How to define a PDF for data with unkown distribution?

147 Views Asked by At

I have a dataset containing real values and I want to define the PDF associated. Is there any method to find out the PDF for data with unknown distribution?

1

There are 1 best solutions below

2
On BEST ANSWER

There is not one right answer. If you know from which family of distributions the data come, you can estimate the parameters for that family and plug those in to get a pdf. If instead you do not wish to assume a certain family, you can approach the problem nonparametrically.

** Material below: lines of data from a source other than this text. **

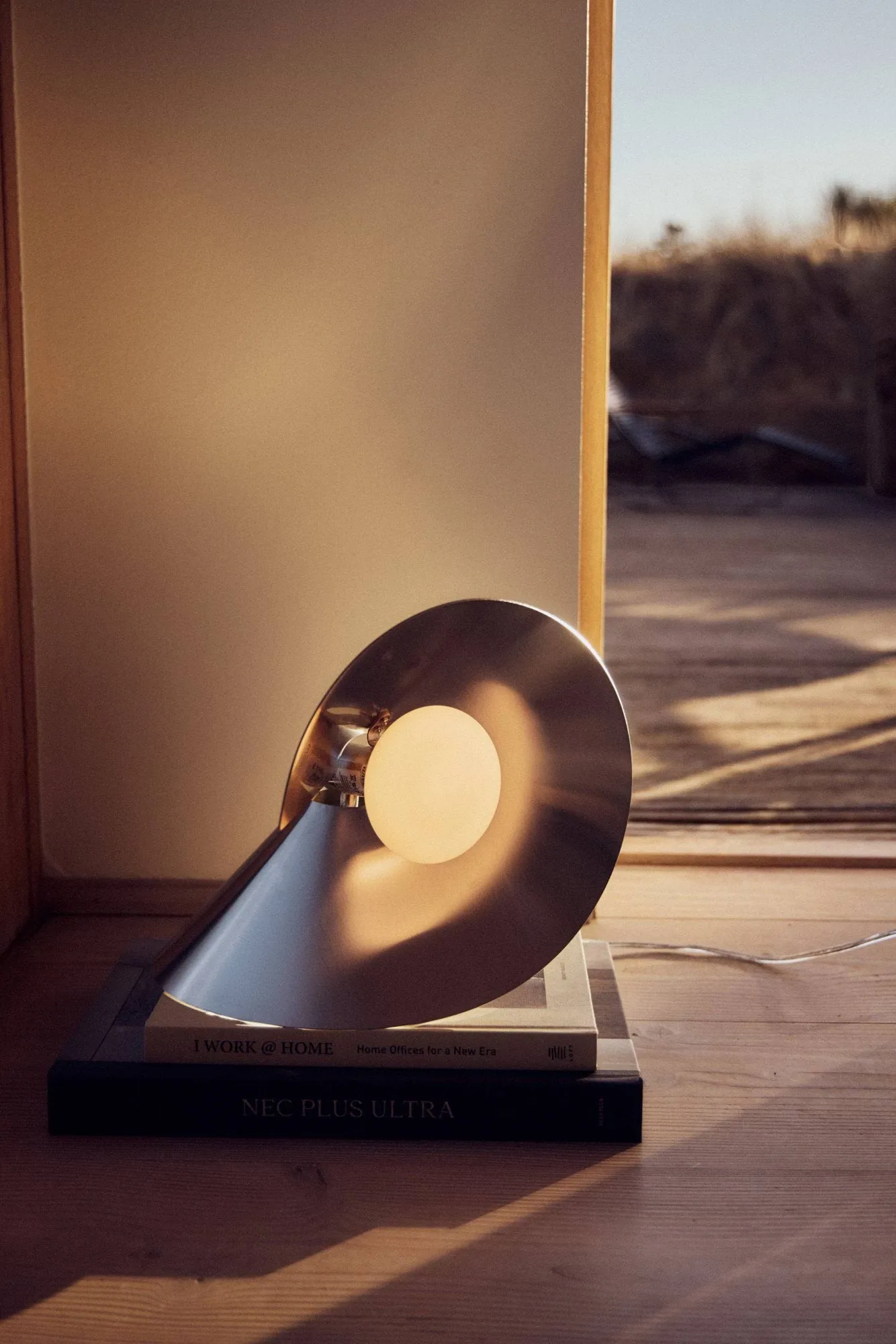 Peel table lamp, Brushed stainless steel Frandsen
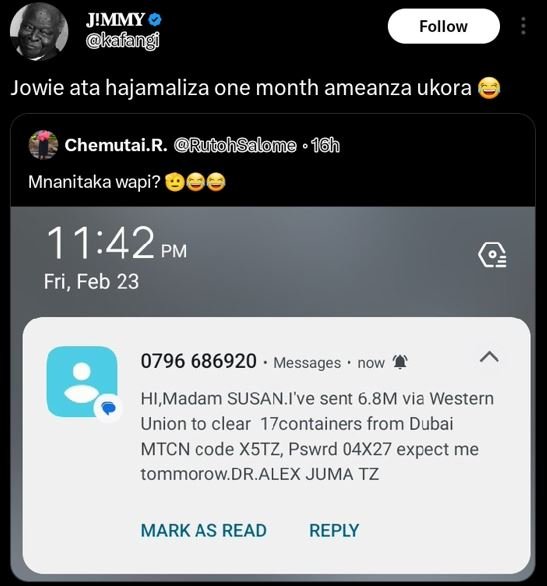 Jmmy kalang follow jowie ata hajamaliza one month ameanza ukora chemutai r. ruto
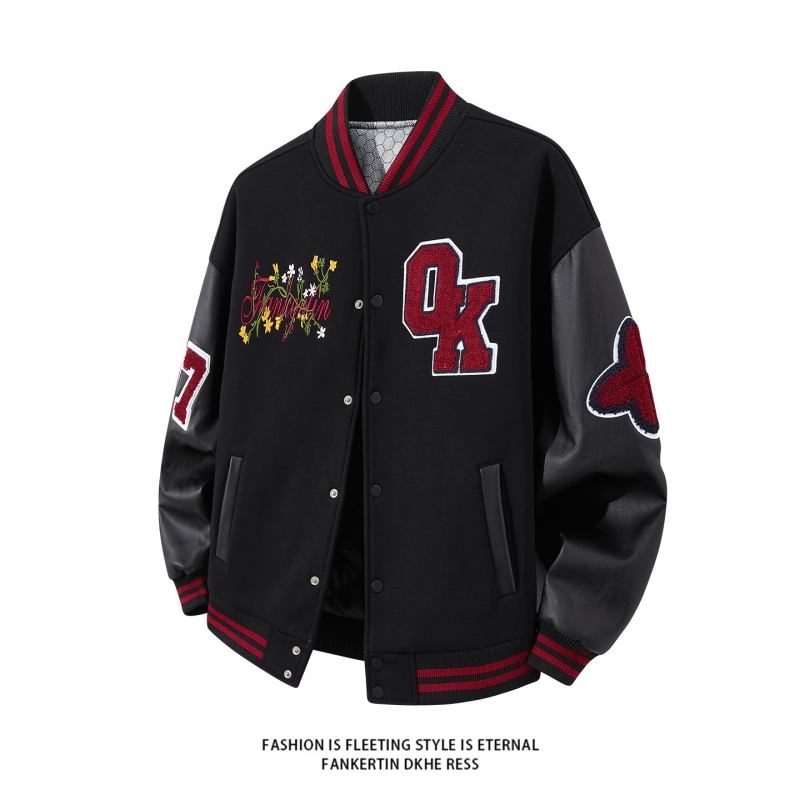 Férfi koreai stílusú baseball dzseki betűmintával, laza szabású, álló gallér és egyrészes gombolás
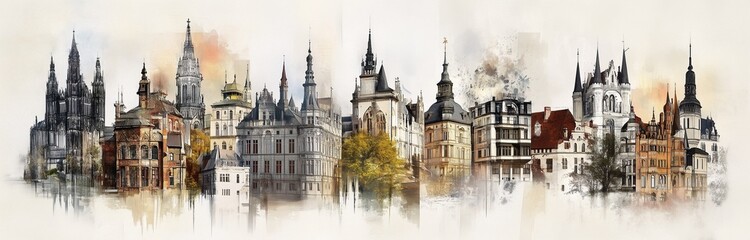 Obraz premium cityscape illustrated fantasy panoramic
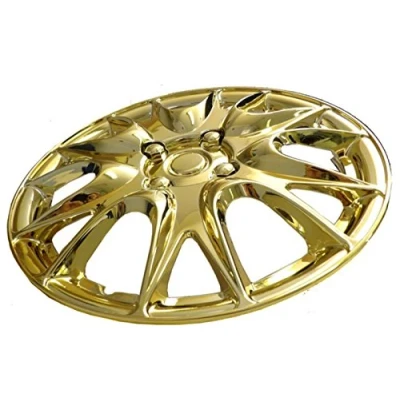 Image of XtremeAuto 14&quot; Gold Multi Spoke Wheel Trim Hub Cap Covers Protectors Includes Cable Ties And Chrome Valve Caps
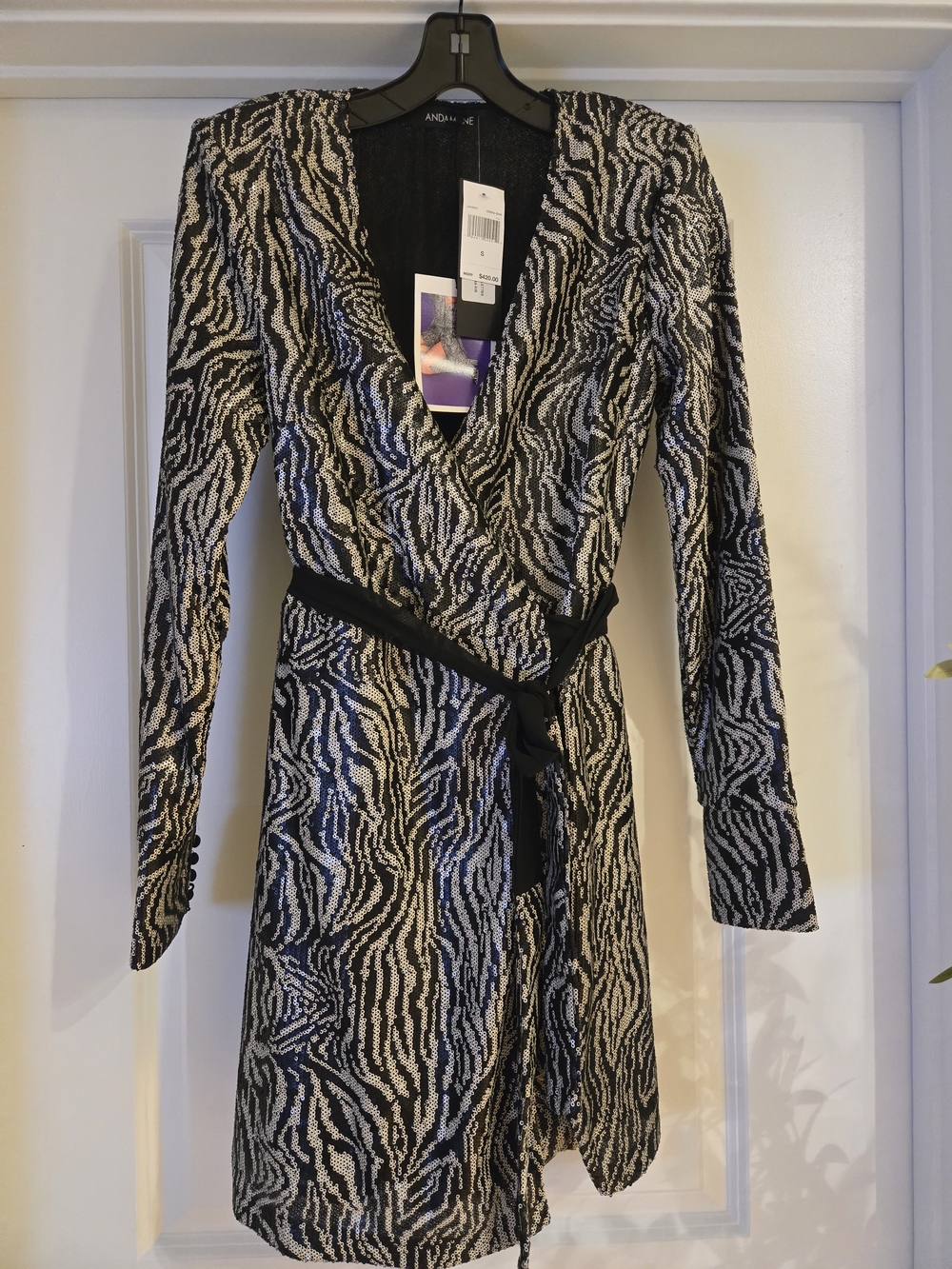 Black and White Zebra Wrap Dress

In this case, you could look into kernel density estimation (Google kernel density estimation for a lot of explanations). The basic idea is the following:

Suppose you have an iid sample $(X_1, ..., X_n).$ We take some pdf $g$ (which need not be the pdf of the data!) and some smoothing parameter (also known as bandwidth) $h>0.$ We then estimate the pdf of the data by $$\hat{f}(x) = \frac{1}{n}\sum_{i=1}^n g\left(\frac{x-X_i}{h}\right)/h.$$

However, what the best method is depends on the situation. What do you know (or believe) about the data already and what do you wish to use the pdf for?

If you want to estimate the probability $\mathbb{P}(X_1<7)$ for example, the empirical CDF might be a much better method.